According to the Financial Action Task Force, some virtual currencies can be exchanged for real (fiat) currency (for example, Bitcoin, Ripple and Litecoin) while others are ‘non‑convertible’ and can only be used on certain websites (for example, World of Warcraft Gold).

Given the pace of technology, there’s a chance digital currency will achieve wider acceptance and disrupt our traditional finance model faster than our regulatory processes can manage. Before being disbanded for money laundering activities, Liberty Reserve (a Costa-Rican money transmitter) had over ‘one million users worldwide’ and ‘handled 55 million transactions daily’, most of which were illegal. So there’s a chance that we could miss an opportunity to implement mechanisms that serve to limit the criminal and terrorist use of these technologies, and provides consumers, businesses and investors with confidence in their use.

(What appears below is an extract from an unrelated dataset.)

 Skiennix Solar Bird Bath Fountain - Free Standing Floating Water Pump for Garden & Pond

Although virtual currencies offer potential benefits, including speed and efficiency in making payments and transfers, they also have the ability to harm society and individuals. By not requiring transactions to be monitored and verified by ‘a trusted third party’, they’re also anonymous and therefore not easily traced by law enforcement agencies.

As Tobias Feakin writes, the pseudo-anonymity offered by virtual currencies and the anonymity of dark net sites (such as Evolution and the now defunct Silk Road) provides a cover for trade in illicit goods (including drugs and child pornography) and services (like contract-assassinations).

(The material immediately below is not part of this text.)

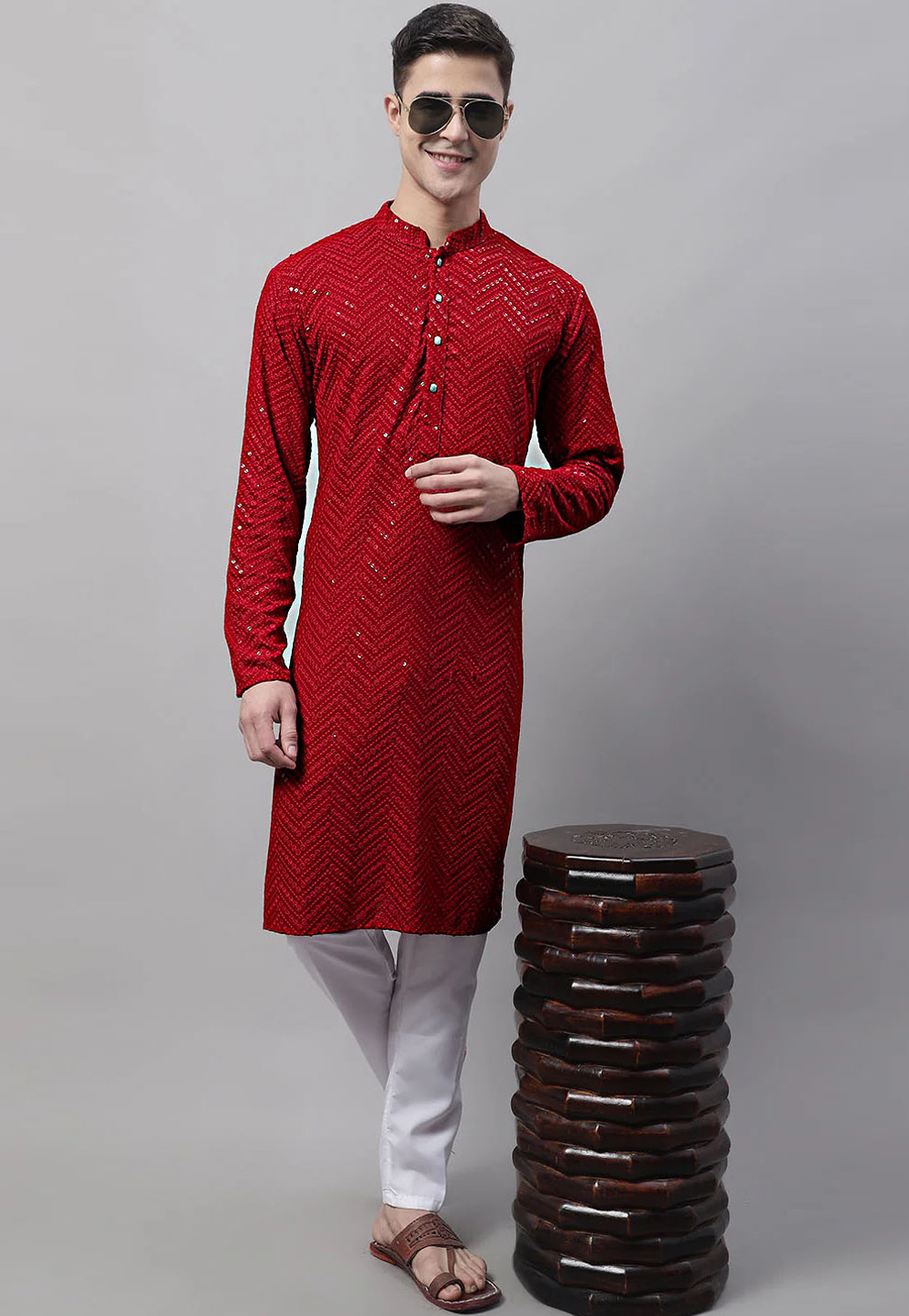 Maroon Cotton Kurta Pajama 287127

The potential for such misuse is not lost on governments. The UK government’s 2015 National Strategic Assessment of Serious and Organised Crime commented that virtual currencies have become ‘the payment system of choice’ for individuals and organisations involved in some areas of cyber-crime. In Australia, the Australian Crime Commission’s Organised Crime in Australia 2015 report examined how victims of cyber and technology-enabled crimes paid ransoms in Bitcoin.

While ‘traditional’ (non-cyber) criminals might appreciate their value for laundering funds and paying for illicit goods and services, some cases are emerging on how virtual currencies are also being used to support terrorist organisations.

For instance, Ali Shukri Amin—a 17 year old from Virginia (US)–was sentenced to 11 years imprisonment in June 2015 after pleading guilty to providing material support and resources to ISIS, including instructions on how to use Bitcoin to conceal donations to the terrorist organisation.

Governments around the world have taken a variety of approaches when it comes to regulating virtual currencies, ranging from a complete ban on their use (China, Russia), proposals to introduce new anti-money laundering and terrorist financing laws (Canada), and developing regulations covering digital currency firms (New York State).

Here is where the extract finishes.